Retype every record exactly. Skip the images.

*** Opening of Records for the exercise ***

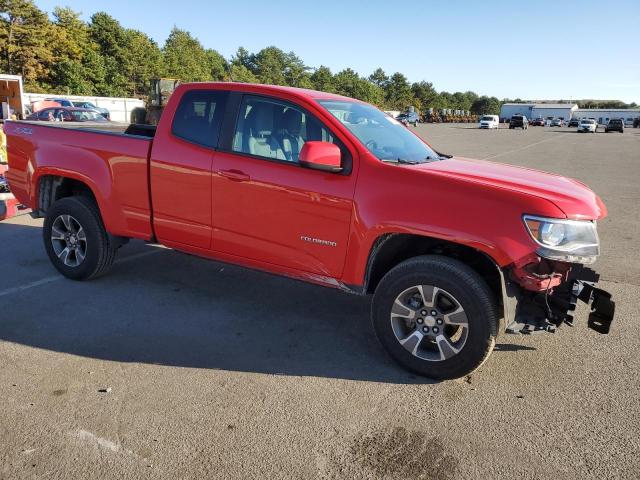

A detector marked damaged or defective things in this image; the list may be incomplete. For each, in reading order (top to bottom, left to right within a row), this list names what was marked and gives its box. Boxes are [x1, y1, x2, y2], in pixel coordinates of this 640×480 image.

damaged front end [504, 253, 616, 336]
detached bumper [504, 264, 616, 336]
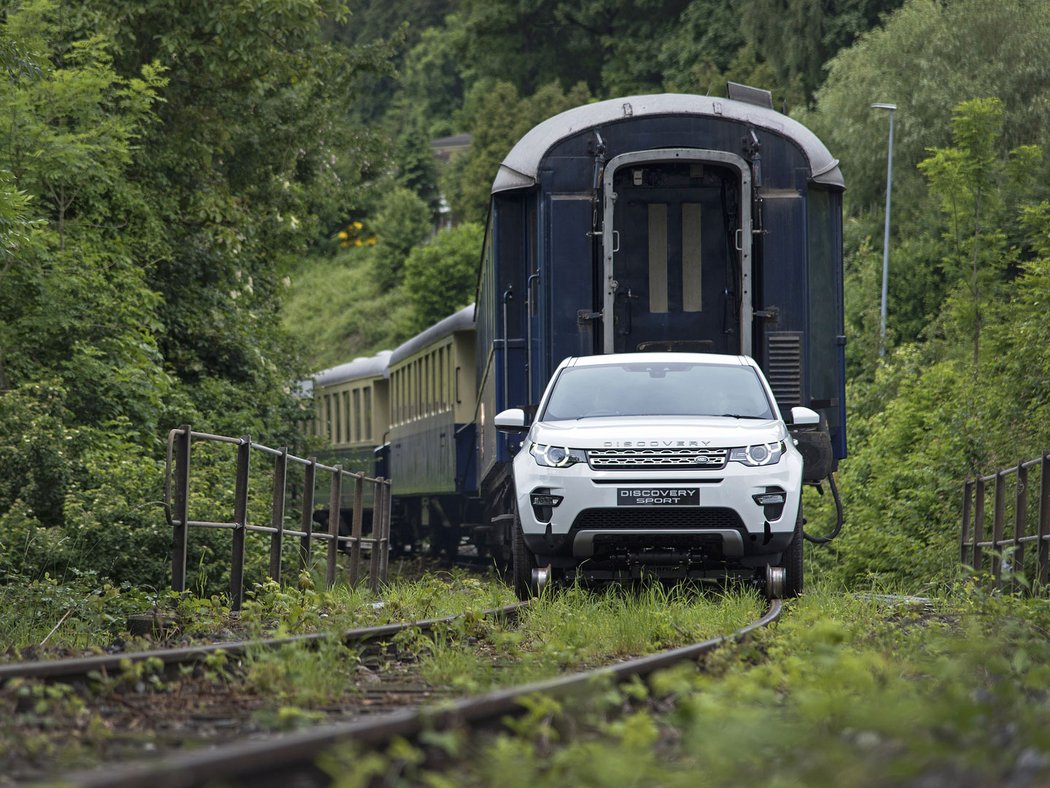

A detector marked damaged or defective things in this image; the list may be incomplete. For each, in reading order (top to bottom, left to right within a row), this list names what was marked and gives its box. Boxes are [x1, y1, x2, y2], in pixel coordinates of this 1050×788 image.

rusty railway track [57, 600, 776, 784]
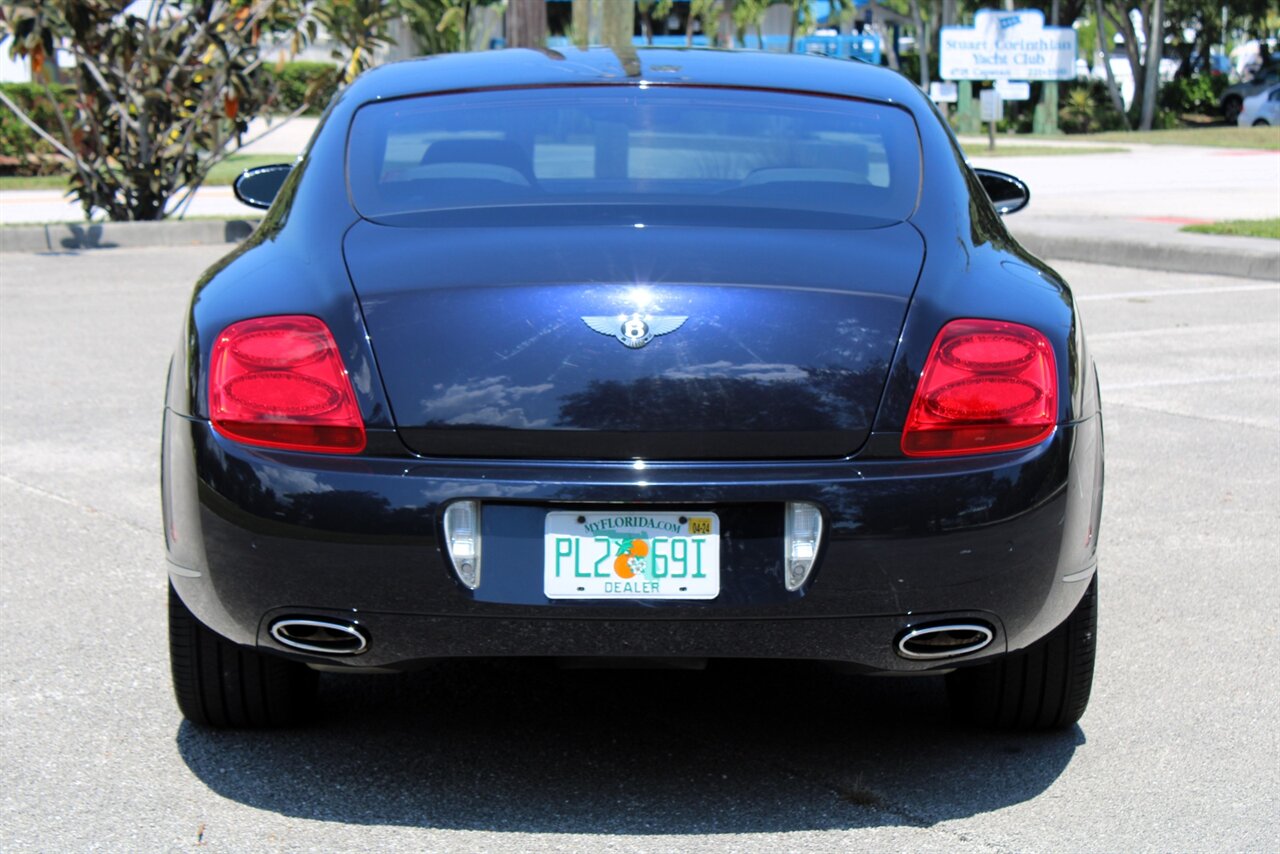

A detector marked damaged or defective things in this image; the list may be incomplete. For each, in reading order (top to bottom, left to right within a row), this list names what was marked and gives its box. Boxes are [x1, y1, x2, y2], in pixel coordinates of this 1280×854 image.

pavement crack [0, 471, 158, 537]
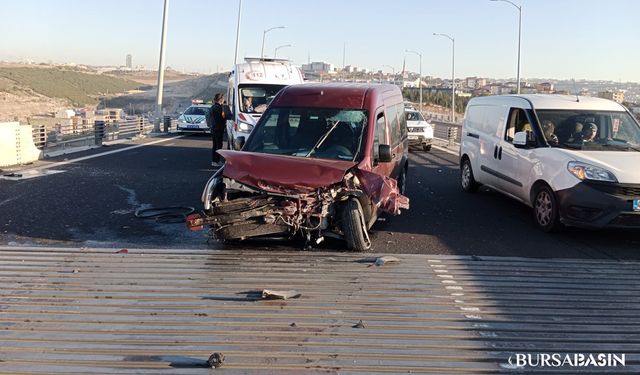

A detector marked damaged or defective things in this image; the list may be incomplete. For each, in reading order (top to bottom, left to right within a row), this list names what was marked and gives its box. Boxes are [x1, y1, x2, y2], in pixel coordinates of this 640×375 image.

bent car hood [218, 151, 358, 194]
damaged maroon van [188, 83, 408, 251]
detached front wheel [342, 200, 372, 253]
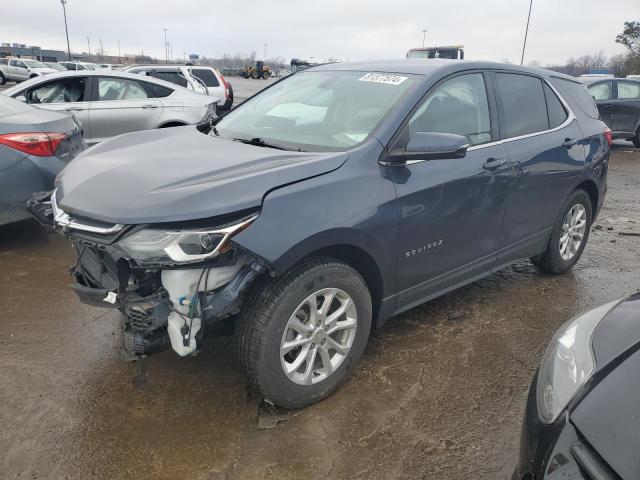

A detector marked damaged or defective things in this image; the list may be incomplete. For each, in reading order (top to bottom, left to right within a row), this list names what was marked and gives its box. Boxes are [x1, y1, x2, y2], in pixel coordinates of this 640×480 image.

crumpled hood [55, 127, 348, 225]
damaged front end [26, 189, 268, 358]
broken headlight [117, 215, 258, 266]
detached front bumper [516, 376, 620, 480]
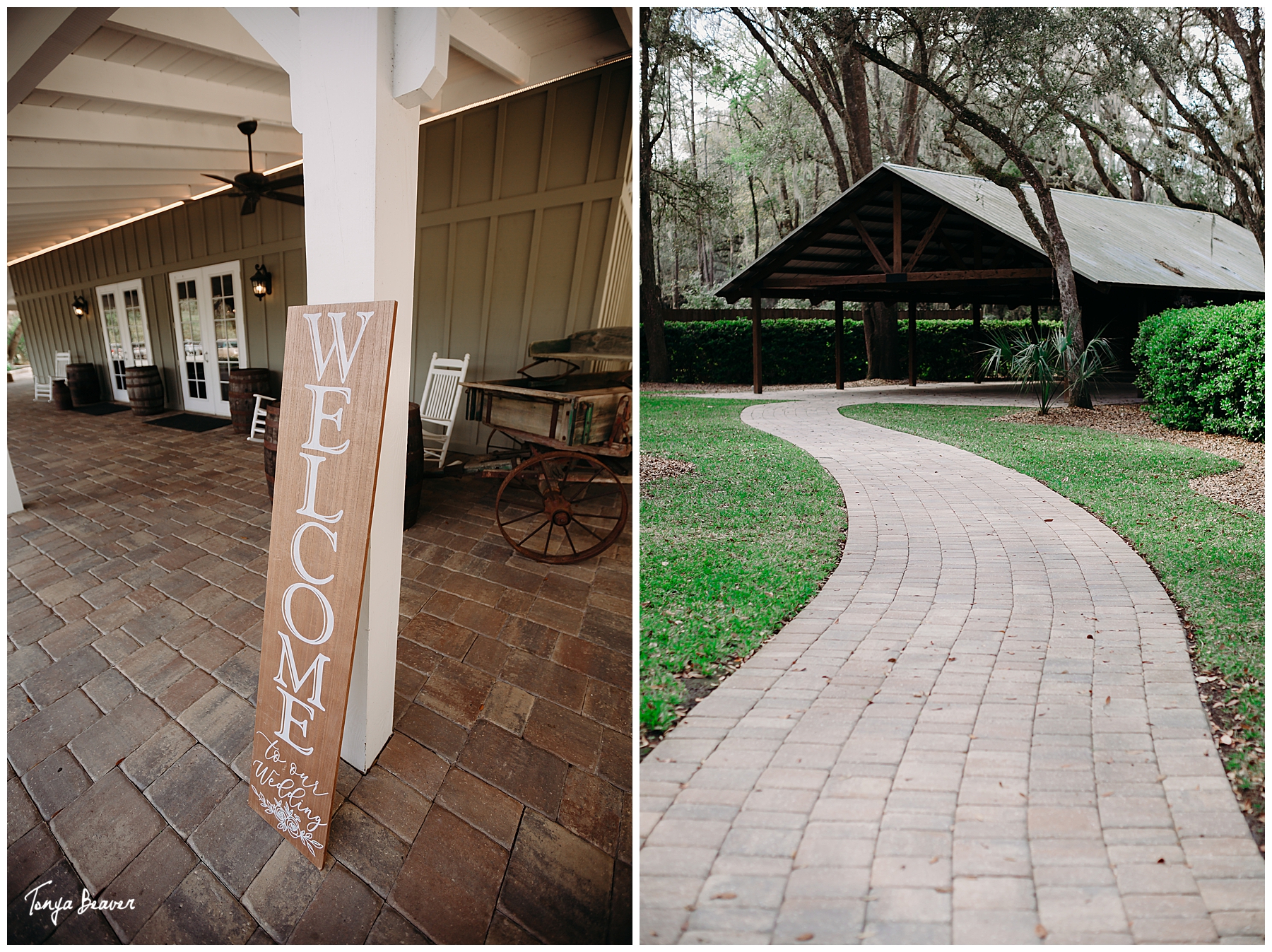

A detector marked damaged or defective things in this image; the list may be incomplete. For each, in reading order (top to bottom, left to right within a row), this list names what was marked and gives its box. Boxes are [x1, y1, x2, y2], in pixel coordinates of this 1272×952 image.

rusty wagon wheel [500, 449, 633, 560]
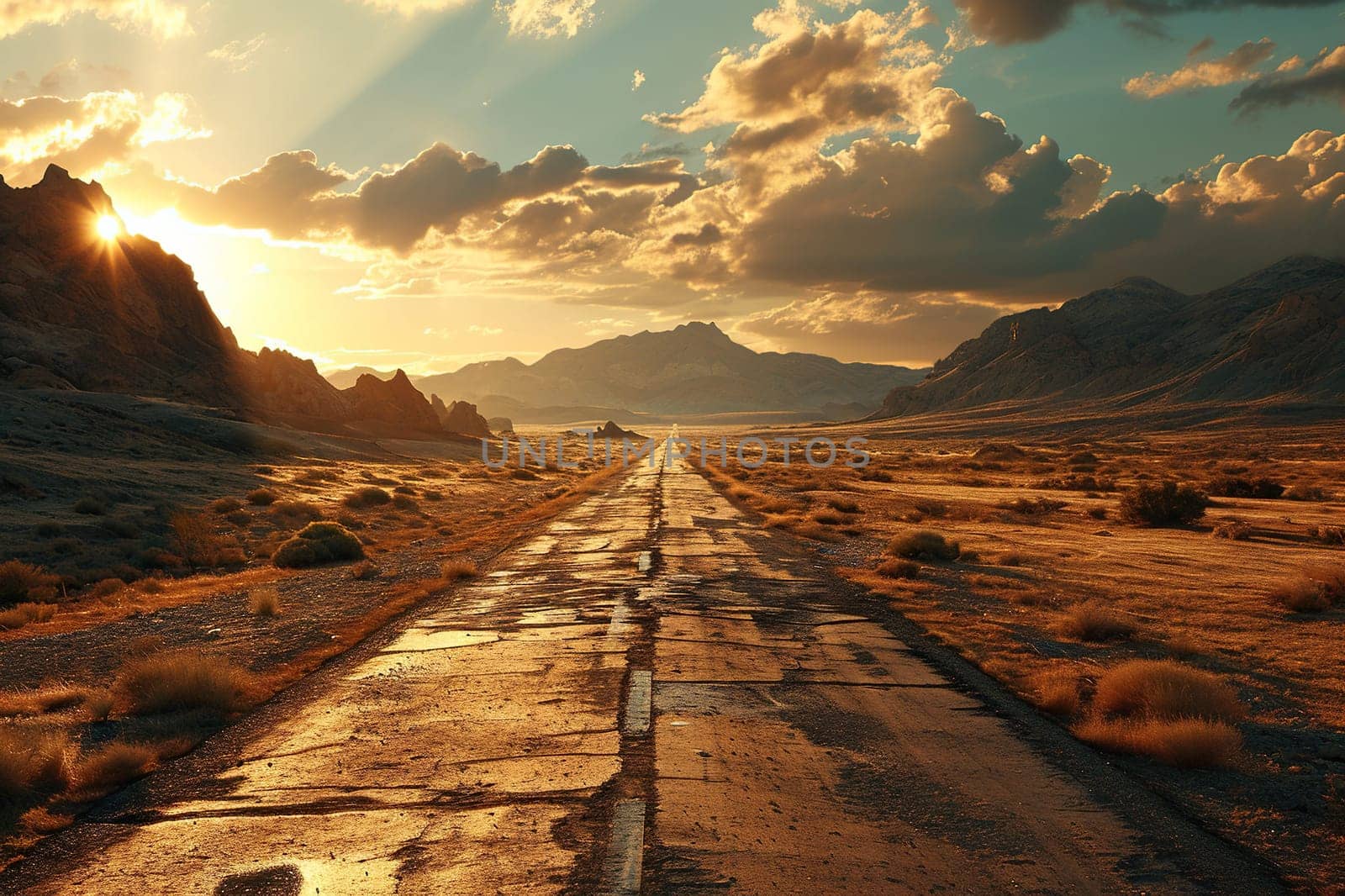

*** Close of Records for the exercise ***

# Output for this task
A detector marked damaged or defective things in this image; the list may be incomplete. For each, in reading order (top to bottom, left to right within a row), this list names what was marked and gives its box. Boxes are [x1, y1, x2, y2], in pixel coordinates of this 640×480 image.

damaged front end [504, 253, 616, 336]
detached bumper [504, 264, 616, 336]

A detector marked damaged or defective things in this image; the list may be incomplete. For each, in reading order (top to bottom, left to right within a row), this list names what was marked and gives its box. Boxes are [x1, y1, x2, y2], in pixel coordinates of this 1050×788 image.

rusty railway track [57, 600, 776, 784]

A detector marked damaged or defective things in this image; the list may be incomplete. For each, in reading order (top to bottom, left to right within a row), this list names what was marked and gives its box. Boxes are [x1, y1, x2, y2], in pixel coordinates of this 1280×854 image.

pavement crack [0, 471, 158, 537]

A detector marked damaged or defective things in this image; the list may be incomplete. For each, in reading order (top to bottom, left to right within a row), this list names what was marked and gives its box. Boxes are [x1, y1, x2, y2], in pixel coordinates of this 640×375 image.

bent car hood [218, 151, 358, 194]
damaged maroon van [188, 83, 408, 251]
detached front wheel [342, 200, 372, 253]

A detector marked damaged or defective things in this image; the list may be incomplete. For each, in reading order (top to bottom, left to right within a row), this list names what was marked and gives its box. Boxes are [x1, y1, x2, y2], in pixel coordinates of this 640×480 image.

crumpled hood [55, 127, 348, 225]
damaged front end [26, 189, 268, 358]
broken headlight [117, 215, 258, 266]
detached front bumper [516, 376, 620, 480]

A detector marked damaged or defective things in this image; the list may be incomplete. For each, in reading order (top to bottom, left to right within a row), this list names what was marked and gives its box. Boxes are [x1, y1, x2, y2], in pixel coordinates of this 1272×952 image.

rusty wagon wheel [500, 449, 633, 560]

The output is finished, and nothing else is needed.